Last year, the government of Sri Lanka announced an amendment towards two logistics related acts (Sri Lanka Ports Authority Act, No. 51 of 1979 and the Merchants Shipping Act, No. 52 of 1971) during the 2017 Budget. The acts were to take steps to forgo the shipping agents within the logistics industry of Sri Lanka and to lift regulations against foreign owned shipping/freight forwarding agencies so they are able to operate within Sri Lanka. This in turn will enable international shipping agencies/lines to enter the logistics industry in Sri Lanka without any barriers to entry.

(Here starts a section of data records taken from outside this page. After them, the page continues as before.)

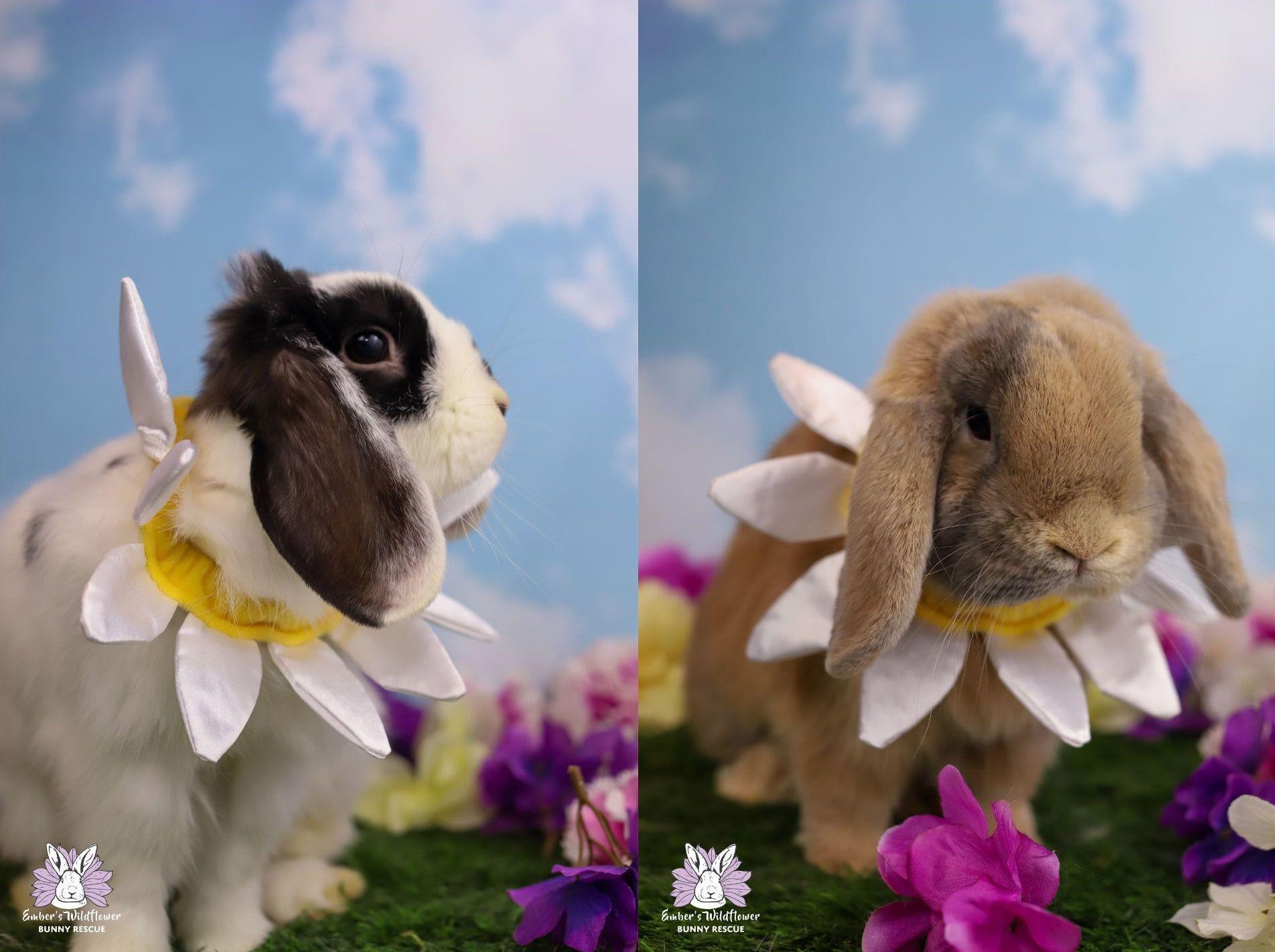 Theo & Cocoa, Adoptable, Young Male Holland Lop.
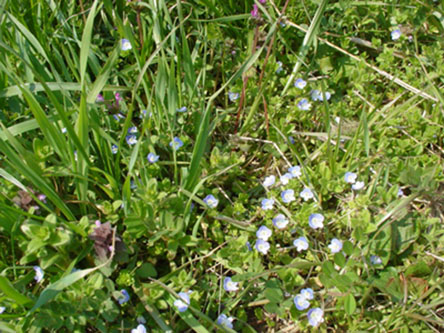 c0000718_179773.jpg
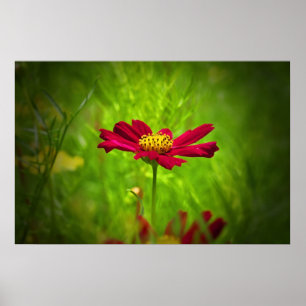 Red cosmos flower poster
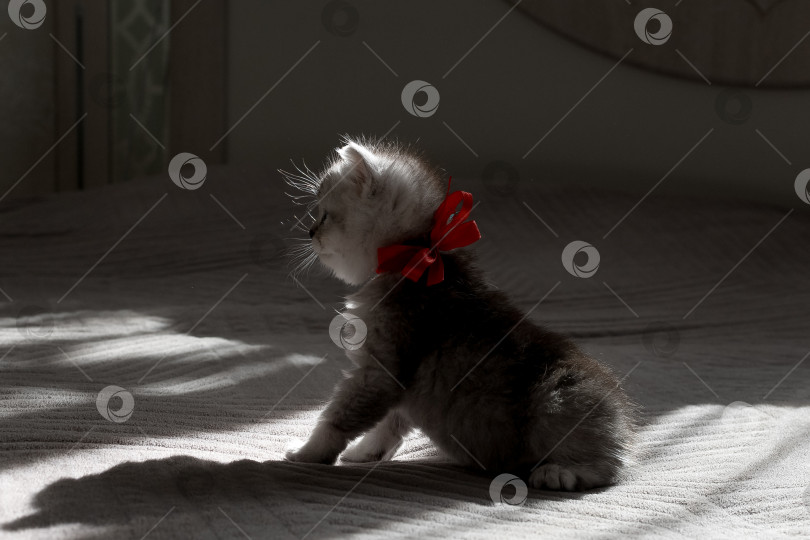 Скачать Шотландский прямолинейный серебристый котенок бежит фотосток Ozero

The change is being carried out in the hope of attracting top players in the international logistics market to invest in the logistics industry in Sri Lanka. Prior to the amendments, international shipping players were only permitted to own 40% stakes in a local shipping agency which limited investments due to lack of operational control and minority equity stake. By liberalizing the constraints in the logistics industry in Sri Lanka, key players such as Maersk can be invited to invest in Sri Lanka. By doing so, transaction costs may be lowered and in line with the development of transhipment hubs in India and Pakistan being developed, the movement of increased volumes will be possible.
However, the 2017 budget proposal created shock-waves in the logistic industry in Sri Lanka with much opposition by the CASA (Ceylon Association of Shipping Agents) and SLFFA (Sri Lanka Logistics and Freight Forwarders Association). Their arguments against the 2017 Budget proposal includes the fact that further foreign investments (more than 60% on shipping agents) will not reduce freight rates as freight forwarding agents do not control shipping rates, which falls under the purview of the shipping lines. Furthermore, the proposal included the use of ‘an independent Ports regulator’ without mention whether it will be an international or local party which can bring up national security complications.
The government has brought forth this proposal to stay in line with similar operations occurring in other Asian countries such as Hong Kong, Vietnam, and Singapore and for the logistics industry in Sri Lanka to be competitive in the global freight market. The logistics industry in Sri Lanka includes 130 registered members of CASA that represents major container shipping lines as well as non-container shipping vessels. Furthermore, there are more than 750 local shipping/freight forwarding/clearing agents, with more than 12000 staff employed by them.